Coming into the second half of the year, Miami and Los Angeles are the only gateway markets to see vacancy come down since the start of 2021. Magic City’s office vacancy rate has fallen 70 basis points since January, opposing national trends and despite a stable pipeline growth.
The national overall vacancy rate rose 100 basis points in the first half of the year, at 15.6 percent as of June. Miami’s vacancy was higher than in Manhattan (10.9 percent), Los Angeles (13.1 percent) and San Francisco (14.3 percent), while the metro outperformed Chicago (16.9 percent), Seattle (15.0 percent) and Washington, D.C (16.8 percent).
As the Sunshine State kept luring outside players with its business-friendly climate, a New York City-based hedge fund signed one of the largest leases of the month in Miami. D1 Capital Partners committed to 25,000 square feet at Related Group’s recently completed 2850 Tigertail Ave. in Coconut Grove.
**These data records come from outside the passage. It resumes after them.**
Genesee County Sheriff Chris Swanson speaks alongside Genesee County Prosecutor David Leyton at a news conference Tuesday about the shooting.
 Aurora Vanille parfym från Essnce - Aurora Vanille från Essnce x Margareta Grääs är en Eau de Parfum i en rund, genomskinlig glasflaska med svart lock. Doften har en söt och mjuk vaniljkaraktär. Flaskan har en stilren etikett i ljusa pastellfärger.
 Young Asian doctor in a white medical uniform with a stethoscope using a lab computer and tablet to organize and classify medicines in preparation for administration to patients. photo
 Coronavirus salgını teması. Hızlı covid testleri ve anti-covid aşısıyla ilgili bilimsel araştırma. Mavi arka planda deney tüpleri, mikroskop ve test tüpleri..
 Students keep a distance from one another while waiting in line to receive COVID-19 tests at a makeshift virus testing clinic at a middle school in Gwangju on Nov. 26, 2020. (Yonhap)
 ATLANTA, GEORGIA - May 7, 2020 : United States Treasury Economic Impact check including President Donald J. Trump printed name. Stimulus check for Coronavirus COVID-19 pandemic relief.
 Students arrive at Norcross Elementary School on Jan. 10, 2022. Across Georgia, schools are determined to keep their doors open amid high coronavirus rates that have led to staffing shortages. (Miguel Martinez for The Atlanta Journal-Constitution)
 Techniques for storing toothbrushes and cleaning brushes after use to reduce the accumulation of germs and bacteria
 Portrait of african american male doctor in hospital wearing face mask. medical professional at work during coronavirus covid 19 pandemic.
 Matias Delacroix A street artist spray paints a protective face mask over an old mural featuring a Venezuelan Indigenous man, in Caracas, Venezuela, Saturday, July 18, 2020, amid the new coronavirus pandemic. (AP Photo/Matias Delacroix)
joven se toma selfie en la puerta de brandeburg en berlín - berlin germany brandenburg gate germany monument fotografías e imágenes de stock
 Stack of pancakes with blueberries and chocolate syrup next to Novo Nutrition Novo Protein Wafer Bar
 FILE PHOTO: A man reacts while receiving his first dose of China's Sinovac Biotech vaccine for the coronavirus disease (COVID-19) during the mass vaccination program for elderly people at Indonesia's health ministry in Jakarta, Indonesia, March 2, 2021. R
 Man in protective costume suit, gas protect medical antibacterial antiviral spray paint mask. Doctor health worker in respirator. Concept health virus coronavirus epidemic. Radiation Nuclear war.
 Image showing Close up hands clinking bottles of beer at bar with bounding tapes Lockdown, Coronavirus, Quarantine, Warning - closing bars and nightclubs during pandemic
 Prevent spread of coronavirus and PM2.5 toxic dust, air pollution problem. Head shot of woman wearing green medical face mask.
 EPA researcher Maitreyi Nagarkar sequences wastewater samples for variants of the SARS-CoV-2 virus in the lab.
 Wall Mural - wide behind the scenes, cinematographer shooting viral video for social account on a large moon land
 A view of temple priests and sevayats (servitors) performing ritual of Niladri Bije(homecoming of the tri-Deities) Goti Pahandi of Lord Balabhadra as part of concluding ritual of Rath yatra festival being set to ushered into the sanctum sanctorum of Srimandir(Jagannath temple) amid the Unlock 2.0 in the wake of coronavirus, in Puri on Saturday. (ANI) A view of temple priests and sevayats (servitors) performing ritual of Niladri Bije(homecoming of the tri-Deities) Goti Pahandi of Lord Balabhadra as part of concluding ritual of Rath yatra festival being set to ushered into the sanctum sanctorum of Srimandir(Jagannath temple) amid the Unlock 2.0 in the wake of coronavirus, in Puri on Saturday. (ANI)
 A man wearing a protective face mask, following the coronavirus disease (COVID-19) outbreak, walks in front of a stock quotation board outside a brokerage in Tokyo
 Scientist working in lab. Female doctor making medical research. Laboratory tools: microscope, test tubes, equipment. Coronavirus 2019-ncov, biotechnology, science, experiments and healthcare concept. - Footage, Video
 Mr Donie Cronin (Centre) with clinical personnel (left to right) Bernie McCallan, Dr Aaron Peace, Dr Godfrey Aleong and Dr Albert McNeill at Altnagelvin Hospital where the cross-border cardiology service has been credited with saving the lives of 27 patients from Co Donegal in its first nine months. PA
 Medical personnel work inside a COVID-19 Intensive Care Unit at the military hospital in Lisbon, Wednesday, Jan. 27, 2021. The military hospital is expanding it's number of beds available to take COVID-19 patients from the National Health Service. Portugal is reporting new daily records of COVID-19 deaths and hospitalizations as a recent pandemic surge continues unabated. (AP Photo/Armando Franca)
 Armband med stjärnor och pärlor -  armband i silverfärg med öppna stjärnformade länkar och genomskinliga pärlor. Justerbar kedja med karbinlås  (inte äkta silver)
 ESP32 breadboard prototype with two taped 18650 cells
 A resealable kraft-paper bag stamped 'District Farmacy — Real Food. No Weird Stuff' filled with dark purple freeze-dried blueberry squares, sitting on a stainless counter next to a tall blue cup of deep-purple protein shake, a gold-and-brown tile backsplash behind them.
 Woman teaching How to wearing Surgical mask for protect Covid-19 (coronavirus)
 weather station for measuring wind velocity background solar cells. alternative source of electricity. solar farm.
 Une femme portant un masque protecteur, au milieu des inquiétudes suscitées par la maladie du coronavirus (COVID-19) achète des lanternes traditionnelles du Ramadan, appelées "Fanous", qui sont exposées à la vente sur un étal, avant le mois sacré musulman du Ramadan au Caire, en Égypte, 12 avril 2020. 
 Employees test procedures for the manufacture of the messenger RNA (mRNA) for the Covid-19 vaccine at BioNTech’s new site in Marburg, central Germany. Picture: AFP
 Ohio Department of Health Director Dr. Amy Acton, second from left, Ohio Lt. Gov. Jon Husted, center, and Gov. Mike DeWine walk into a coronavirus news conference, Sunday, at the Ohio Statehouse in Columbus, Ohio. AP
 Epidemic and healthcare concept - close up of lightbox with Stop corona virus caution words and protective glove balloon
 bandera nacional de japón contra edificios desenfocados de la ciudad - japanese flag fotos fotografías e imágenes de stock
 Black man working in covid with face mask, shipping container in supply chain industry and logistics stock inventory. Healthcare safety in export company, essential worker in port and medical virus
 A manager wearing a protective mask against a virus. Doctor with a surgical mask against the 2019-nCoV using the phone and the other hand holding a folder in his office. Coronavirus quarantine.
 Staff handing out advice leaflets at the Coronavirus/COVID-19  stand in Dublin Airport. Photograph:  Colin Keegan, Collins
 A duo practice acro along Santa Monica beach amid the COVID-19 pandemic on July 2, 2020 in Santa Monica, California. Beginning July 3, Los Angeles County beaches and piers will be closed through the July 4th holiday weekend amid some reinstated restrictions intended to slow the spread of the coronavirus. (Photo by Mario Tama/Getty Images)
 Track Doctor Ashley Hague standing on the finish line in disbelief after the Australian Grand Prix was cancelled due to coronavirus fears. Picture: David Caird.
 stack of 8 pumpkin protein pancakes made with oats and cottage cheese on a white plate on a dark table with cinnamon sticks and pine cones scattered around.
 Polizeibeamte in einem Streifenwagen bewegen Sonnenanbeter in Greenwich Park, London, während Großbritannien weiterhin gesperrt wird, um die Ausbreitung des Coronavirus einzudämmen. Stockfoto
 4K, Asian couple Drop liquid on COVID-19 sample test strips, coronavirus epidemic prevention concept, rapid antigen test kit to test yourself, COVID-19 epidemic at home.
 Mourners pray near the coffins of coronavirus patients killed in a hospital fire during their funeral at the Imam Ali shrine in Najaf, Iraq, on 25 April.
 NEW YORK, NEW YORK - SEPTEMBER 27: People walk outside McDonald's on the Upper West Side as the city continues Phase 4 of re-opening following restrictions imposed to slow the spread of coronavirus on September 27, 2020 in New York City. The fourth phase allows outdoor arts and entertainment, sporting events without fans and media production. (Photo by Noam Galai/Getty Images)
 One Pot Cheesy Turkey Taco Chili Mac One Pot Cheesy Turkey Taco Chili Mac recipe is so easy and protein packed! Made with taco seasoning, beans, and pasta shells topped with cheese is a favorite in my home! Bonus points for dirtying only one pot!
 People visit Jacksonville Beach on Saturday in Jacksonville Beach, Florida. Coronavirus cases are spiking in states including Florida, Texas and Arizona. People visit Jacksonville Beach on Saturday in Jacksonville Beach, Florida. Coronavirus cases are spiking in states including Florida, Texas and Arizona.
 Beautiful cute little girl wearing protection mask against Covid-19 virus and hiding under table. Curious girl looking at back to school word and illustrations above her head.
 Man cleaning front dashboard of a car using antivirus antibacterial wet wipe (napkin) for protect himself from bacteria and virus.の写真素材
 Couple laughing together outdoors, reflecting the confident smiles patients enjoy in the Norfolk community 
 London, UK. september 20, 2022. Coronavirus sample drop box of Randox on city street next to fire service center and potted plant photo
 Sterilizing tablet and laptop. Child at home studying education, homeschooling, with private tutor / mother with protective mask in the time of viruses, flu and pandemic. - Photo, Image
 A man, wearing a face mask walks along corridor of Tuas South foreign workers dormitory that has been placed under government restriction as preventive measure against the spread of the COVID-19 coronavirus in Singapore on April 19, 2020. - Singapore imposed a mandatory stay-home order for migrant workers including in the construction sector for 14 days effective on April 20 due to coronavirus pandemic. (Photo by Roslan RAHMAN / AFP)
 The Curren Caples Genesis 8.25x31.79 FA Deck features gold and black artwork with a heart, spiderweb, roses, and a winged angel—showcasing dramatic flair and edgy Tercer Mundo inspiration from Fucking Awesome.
The submarket had a 13.8 percent vacancy rate in June, placing it close the metro’s overall figure.
Miami’s CBD topped the highest vacancy list for submarkets, reaching 20,3 percent, followed by Miami Gardens (22.0 percent) and Coral Gables – Downtown (17.7 percent). Miami North (10.8 percent), Miami Beach (12.5 percent) and Airport West (12.7 percent) registered some of the lowest rates in the metro.